It probably will to some people. Answers which show variation are already starting to appear.

Some context from my 30 years of doing research in this area (including but not limited to sounds). There are scales (semantic differential) which are anchored by terms at both ends. Potential examples:

low pitch [1] [2] [3] [4] [5] [6] [7] [8] [9] high pitch
simple 1...9 complex
dark 1...9 bright
ping 1...9 wash

These tend to be presented as a scale and you rate a cymbal sound on the scale (usually a 9 point scale as I've indicated for reasons I won't go into). Using a semantic differential scale presumes that you have the anchor terms right for your area of interest.

If you want to find out what terms to use as an anchor then you use a scale with just one anchor and ask about both terms, but not next to one another in a list of terms terms. So if we aren't sure to what extent ping is the opposite of wash and want to know then we assess that separately

ping level 1...9
woody stick 1...9
metallic stick 1...9
wash level 1...9
dry 1...9

and then we have the ability to see what terms have what sort of overlap (correlation) in their usage. There exist mathematical techniques to turn this kind of data into maps of the sonic territory. The maps also show how similar different sounds are to one another. These techniques turn what most people think are unique subjective impressions (cymbal sounds) into consensus maps which are quantifiable and repeatable. Note that none of this takes away from the uniqueness of individuals or cymbals, nor the magic of music. But I feel it offers a chance for a more informed discussion.

Screen Shot 2019-10-12 at 9.34.04 AM.png


Now you may object that not everybody hears things the same and we are forcing the data into one consensus map. There are techniques which test that and look at how each individual hears similarities

Screen Shot 2019-10-12 at 9.28.32 AM.png


And if there is significant individual variation it allows for different salience factors for different listeners.
Screen Shot 2019-10-12 at 9.39.34 AM.png

Above we see that 4 listeners (31, 55, 73, 36) hear things differently. Next we would move on to what those 4 individuals might have in common. Older drummers vs younger? Jazz players vs Rock players? There are techniques to uncover what is behind the hearing things differently provided we asked the relevant questions in the data collection phase. There are trade offs to be made in how many cymbals we have, how we present them, and how many questions we ask; versus how herculean a task it is to complete the survey.

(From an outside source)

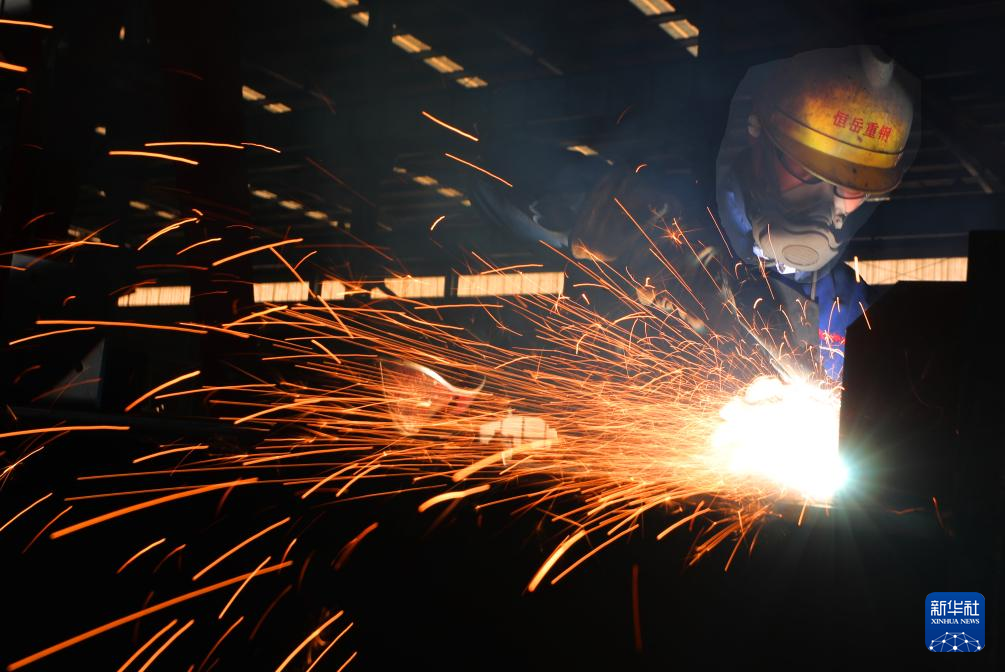 1月3日，在湖南省衡山县高新技术产业开发区，某重钢钢结构工程有限公司员工在进行建筑钢结构装备的生产加工作业。新华社发（曹正平摄）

These maps display similarity alone but there are ways to project vectors into the similarity space. I've mocked one up. Note that we can project any other vector so that includes the terms themselves as well as any other properties we have measured. So we can incorporate weight; diameter; bell diameter and volume; profile rise; energy frequency distribution from spectral analysis. It's all possible. I've just thrown some examples on here, don't try and interpret them as if the are real. I've mocked this example up to show Bright and Dark aren't exact opposites, increasing weight is associated with more Ping, and Ping is orthogonal (at right angles aka uncorrelated) with Bright. The length of the vectors and whether or not they are constrained to pass through the origin has meaning, but now isn't the time to go into that.


similarity-map-2.png

These graphs come from this academic paper: click to download the pdf

The mathematics will make your eyes glaze over but it is my stock in trade. You can skip it and just focus on the words. Note that 15 years before that paper I was developing more techniques than the author covers in that introductory presentation. I can't point you to publications of my work because it was all proprietary and the examples themselves are commercially sensitive. But they are used all around the world.